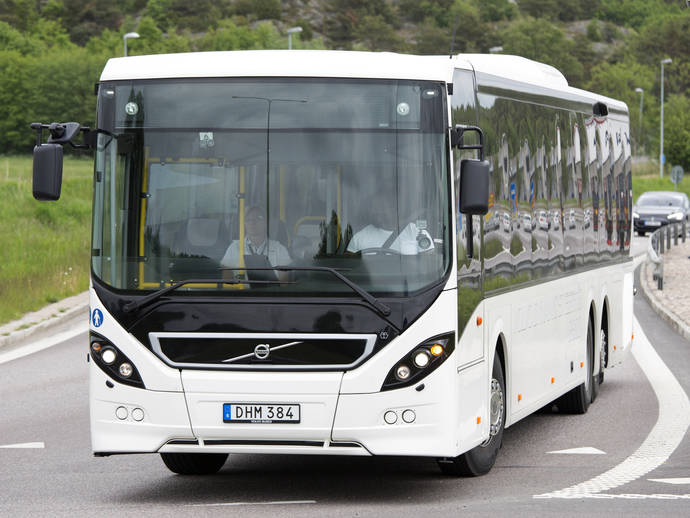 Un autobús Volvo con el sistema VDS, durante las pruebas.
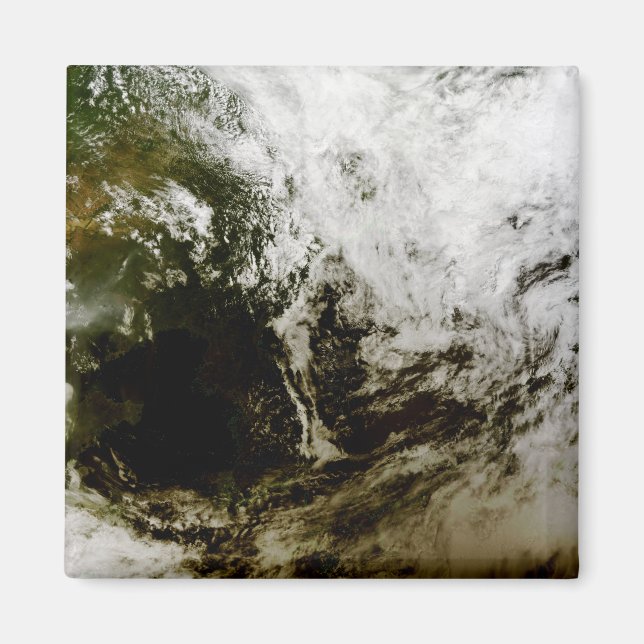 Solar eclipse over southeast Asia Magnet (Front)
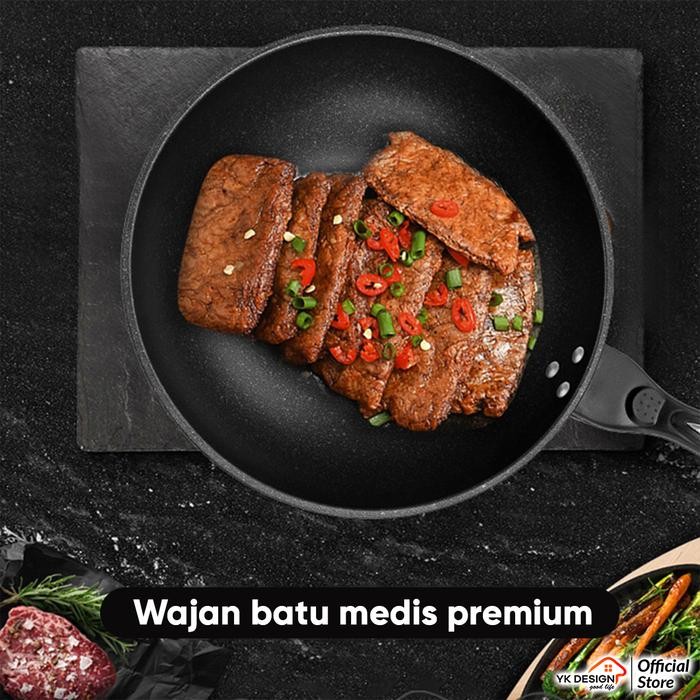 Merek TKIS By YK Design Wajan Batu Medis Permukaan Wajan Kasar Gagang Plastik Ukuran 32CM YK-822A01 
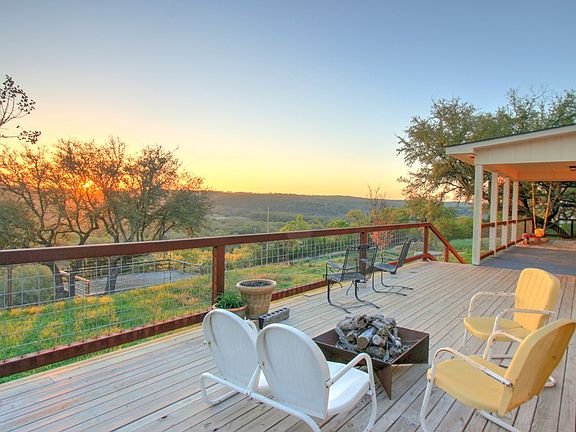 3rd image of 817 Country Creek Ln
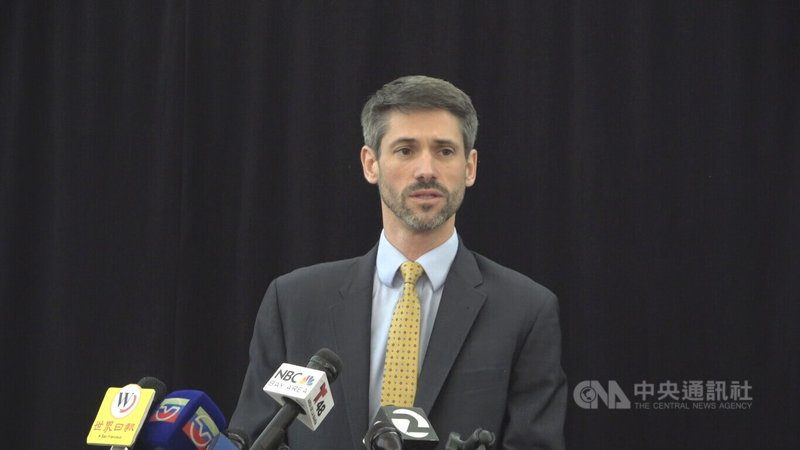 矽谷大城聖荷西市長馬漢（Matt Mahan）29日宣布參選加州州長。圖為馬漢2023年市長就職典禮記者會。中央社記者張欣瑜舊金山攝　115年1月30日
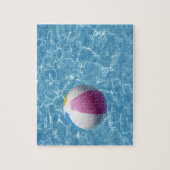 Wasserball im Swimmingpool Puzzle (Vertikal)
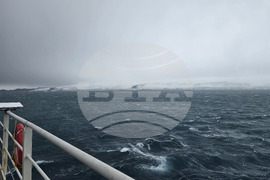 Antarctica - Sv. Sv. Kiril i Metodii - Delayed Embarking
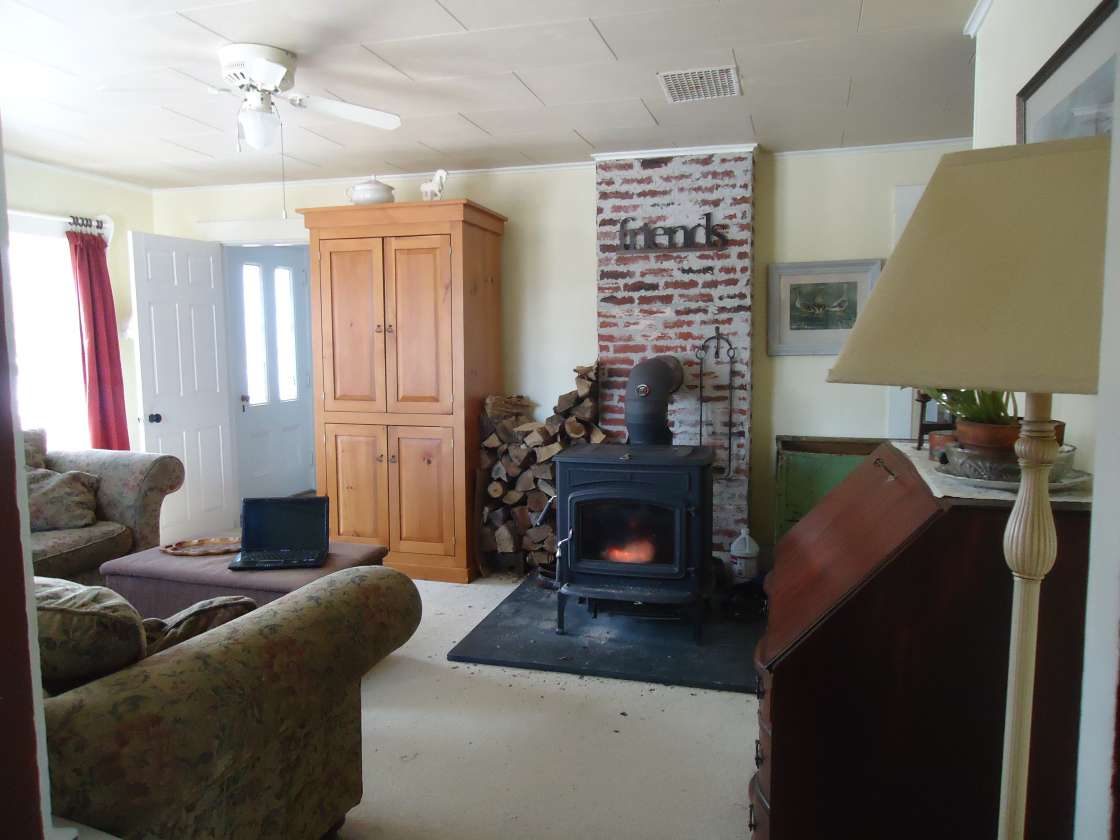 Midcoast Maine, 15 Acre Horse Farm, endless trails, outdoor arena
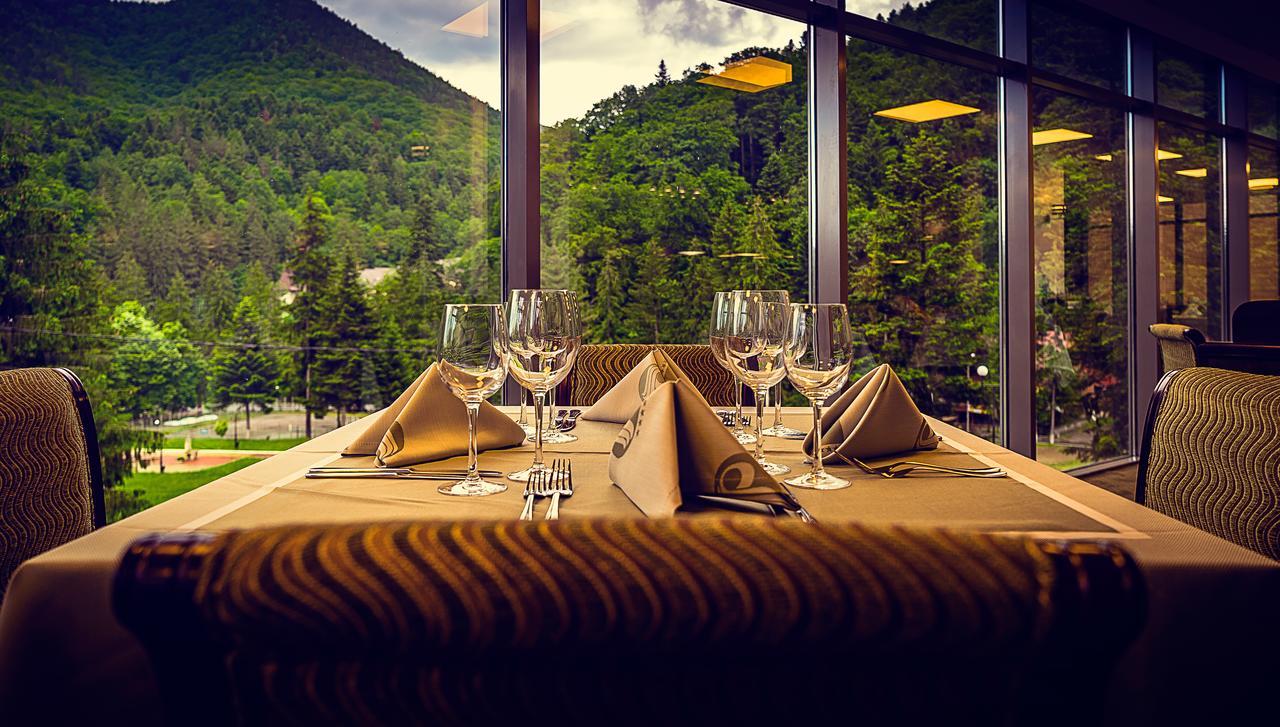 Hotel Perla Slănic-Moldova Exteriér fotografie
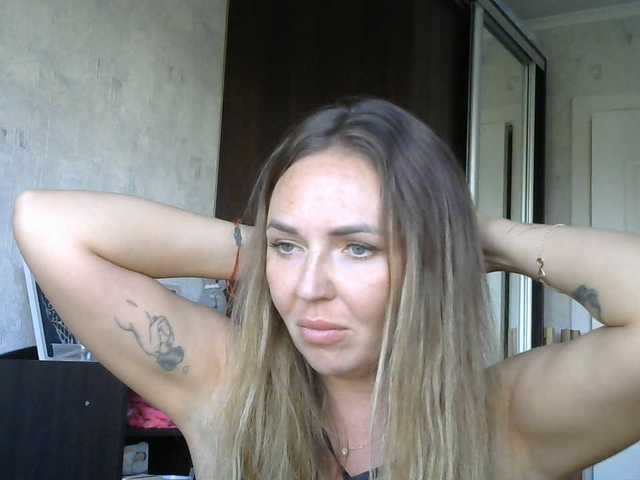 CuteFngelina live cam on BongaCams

_What to work on:_ Output all the records above again exactly, with the pictures dropped.

_Task solution:_
 Un autobús Volvo con el sistema VDS, durante las pruebas.
 Solar eclipse over southeast Asia Magnet (Front)
 Merek TKIS By YK Design Wajan Batu Medis Permukaan Wajan Kasar Gagang Plastik Ukuran 32CM YK-822A01 
 3rd image of 817 Country Creek Ln
 矽谷大城聖荷西市長馬漢（Matt Mahan）29日宣布參選加州州長。圖為馬漢2023年市長就職典禮記者會。中央社記者張欣瑜舊金山攝　115年1月30日
 Wasserball im Swimmingpool Puzzle (Vertikal)
 Antarctica - Sv. Sv. Kiril i Metodii - Delayed Embarking
 Midcoast Maine, 15 Acre Horse Farm, endless trails, outdoor arena
 Hotel Perla Slănic-Moldova Exteriér fotografie
 CuteFngelina live cam on BongaCams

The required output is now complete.